Image-text web data
_ _ _ _ _ _ _

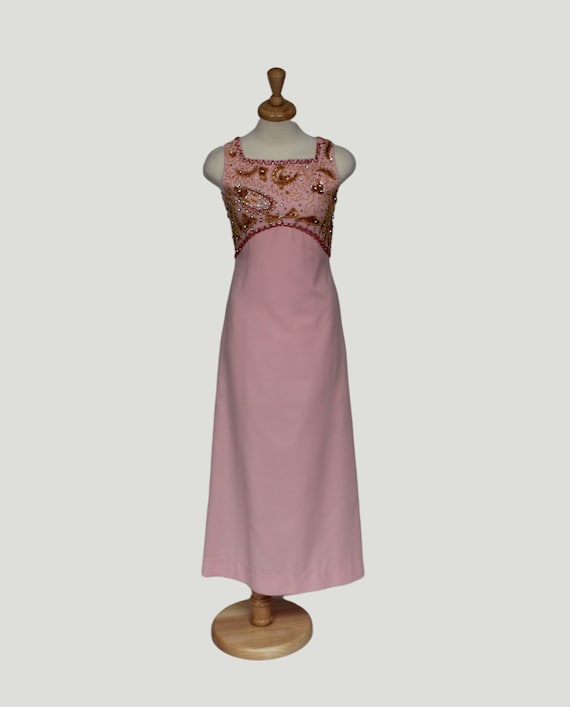 Vintage 1960s Sheath Dress, Pink Beaded Rhinestone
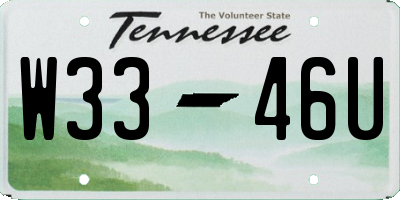 TN license plate W3346U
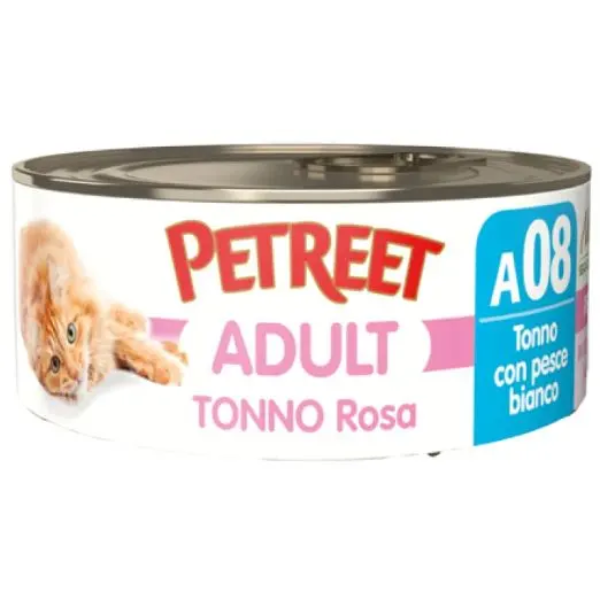 PETREET A08 TONNO ROSA PESCE BIANCO 70G
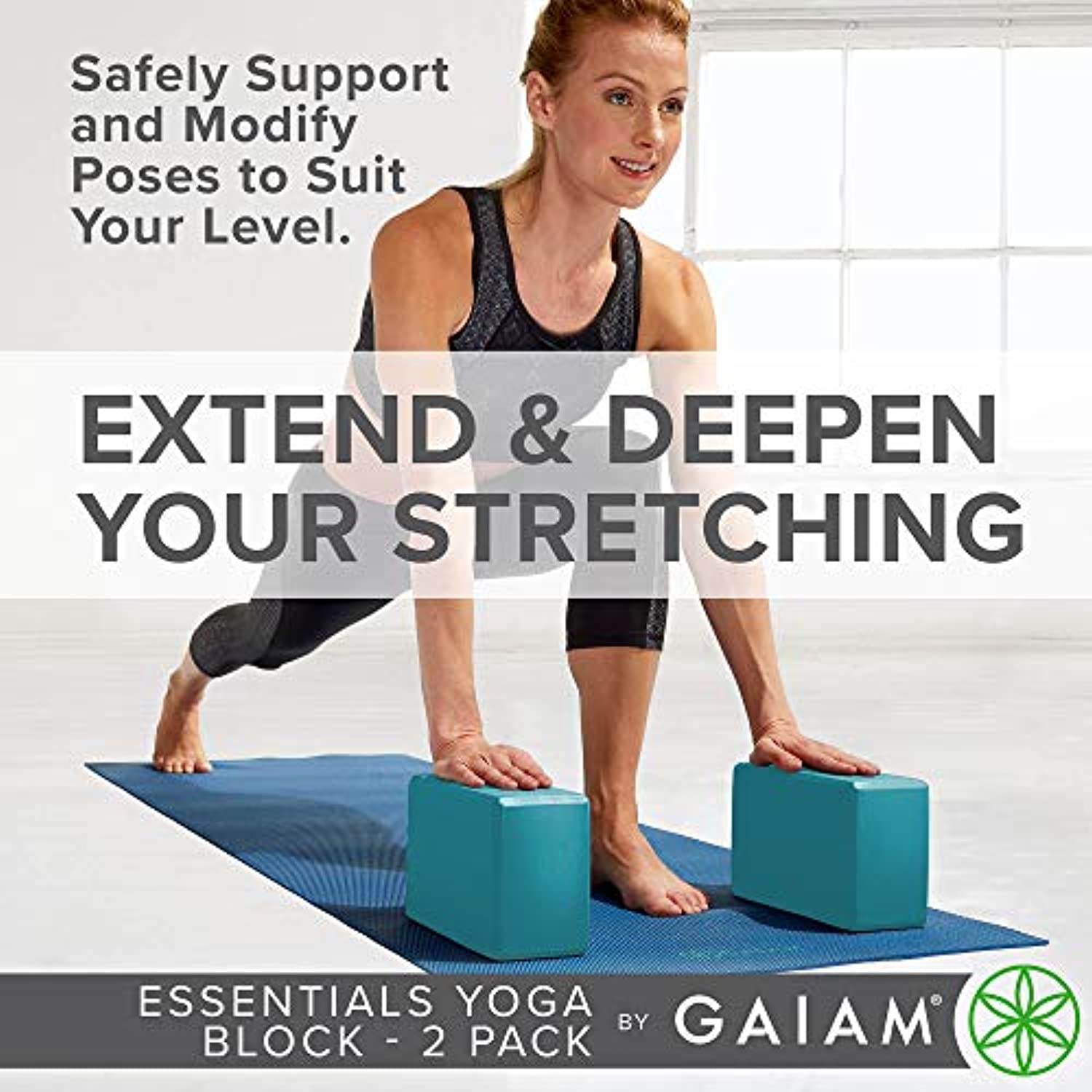 Gaiam Essentials - Bloque de yoga (set de 2), espuma de EVA suave y antideslizante, multiuso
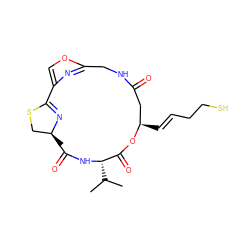 CC(C)[C@@H]1NC(=O)[C@]2(C)CSC(=N2)c2coc(n2)CNC(=O)C[C@@H](/C=C/CCS)OC1=O ZINC000096285172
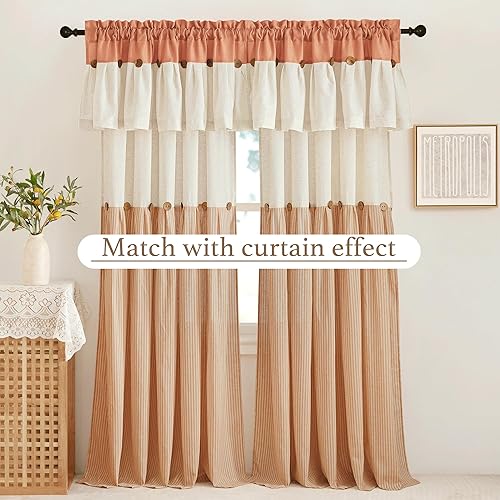 Miniatura 7 de NICETOWN Cenefas de cortina para cafetería, bar, granja, elegante cenefas con bolsillo para barra, para cocina, sótano, diseño de botones, cenefas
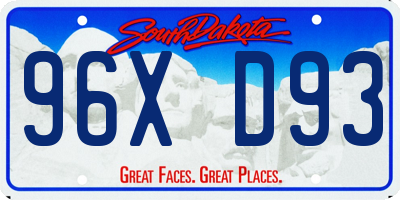 SD license plate 96XD93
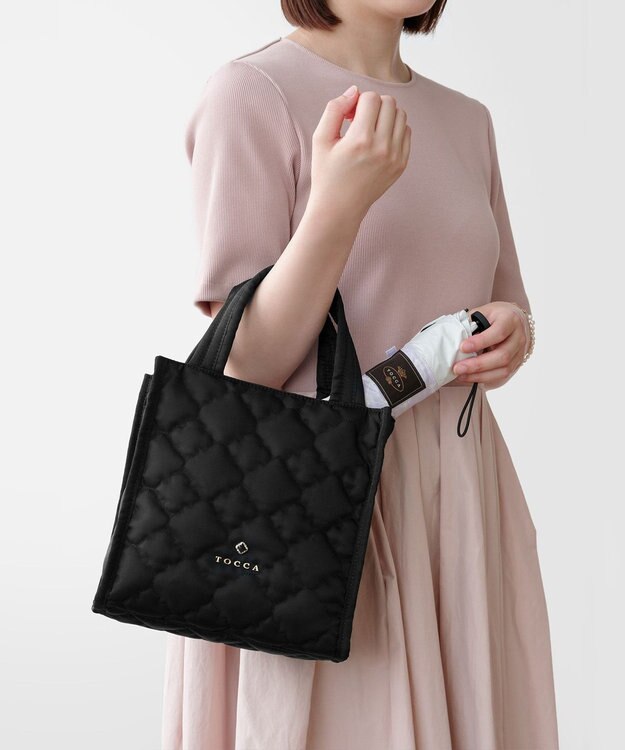 TOCCA 【撥水】CHECKER CLOVER QUILTMINIBAG キルトミニバッグ ブラック系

_ _ _ _ _ _ _

The problem — Please set down every record exactly as it appears, leaving out the pictures.

Output of the task —
 Vintage 1960s Sheath Dress, Pink Beaded Rhinestone
 TN license plate W3346U
 PETREET A08 TONNO ROSA PESCE BIANCO 70G
 Gaiam Essentials - Bloque de yoga (set de 2), espuma de EVA suave y antideslizante, multiuso
 CC(C)[C@@H]1NC(=O)[C@]2(C)CSC(=N2)c2coc(n2)CNC(=O)C[C@@H](/C=C/CCS)OC1=O ZINC000096285172
 Miniatura 7 de NICETOWN Cenefas de cortina para cafetería, bar, granja, elegante cenefas con bolsillo para barra, para cocina, sótano, diseño de botones, cenefas
 SD license plate 96XD93
 TOCCA 【撥水】CHECKER CLOVER QUILTMINIBAG キルトミニバッグ ブラック系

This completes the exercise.